**WHAT TO PRODUCE**:
Output each line of the listing exactly, though pictures are not to appear.

**DATASET SECTION**:
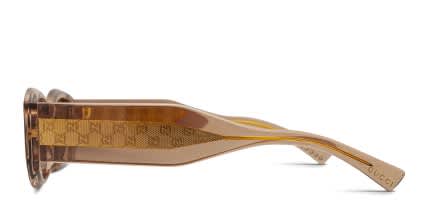 Gucci GG2068SA Brown glasses - Brown - Side View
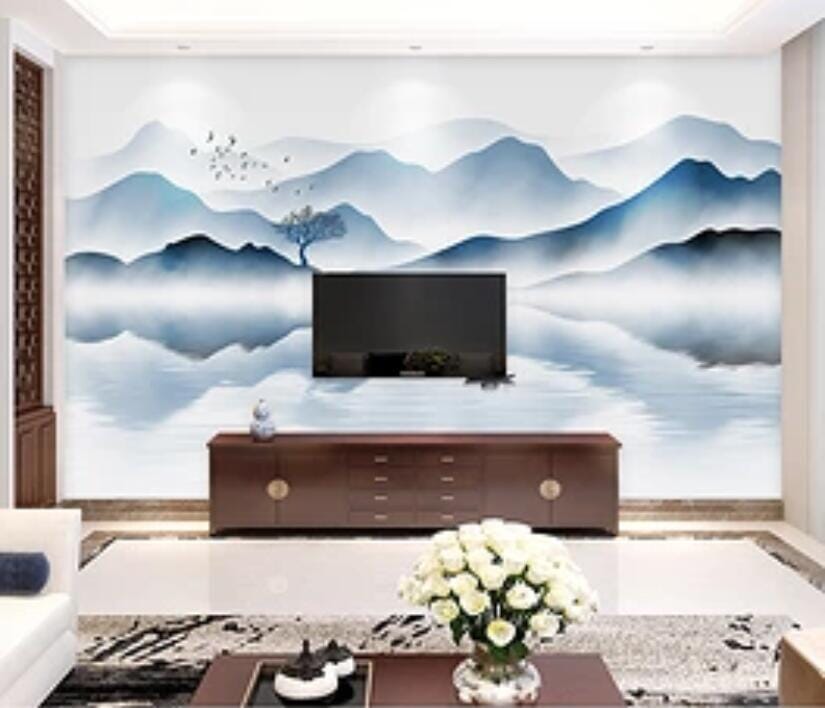 3D Valley River 1820 Wall Murals Wallpaper AJ Wallpaper 2 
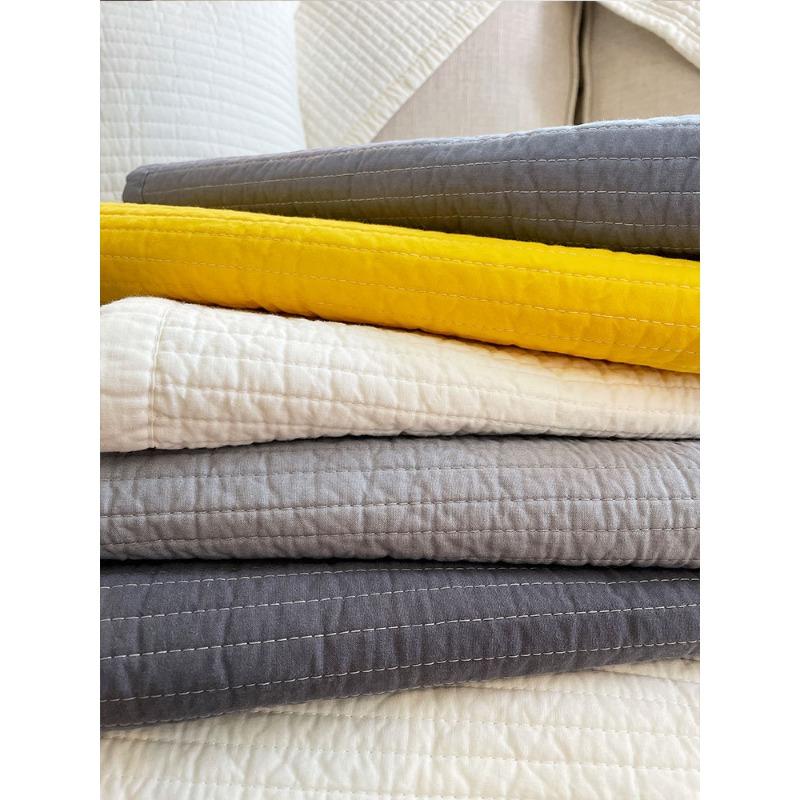 Nordic Simple Modern Solid Color Fabric Craft Four Seasons Universal Non-Slip Sofa Cushion Cushion Autumn and Winter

**EXERCISE SOLUTION**:
 Gucci GG2068SA Brown glasses - Brown - Side View
 3D Valley River 1820 Wall Murals Wallpaper AJ Wallpaper 2 
 Nordic Simple Modern Solid Color Fabric Craft Four Seasons Universal Non-Slip Sofa Cushion Cushion Autumn and Winter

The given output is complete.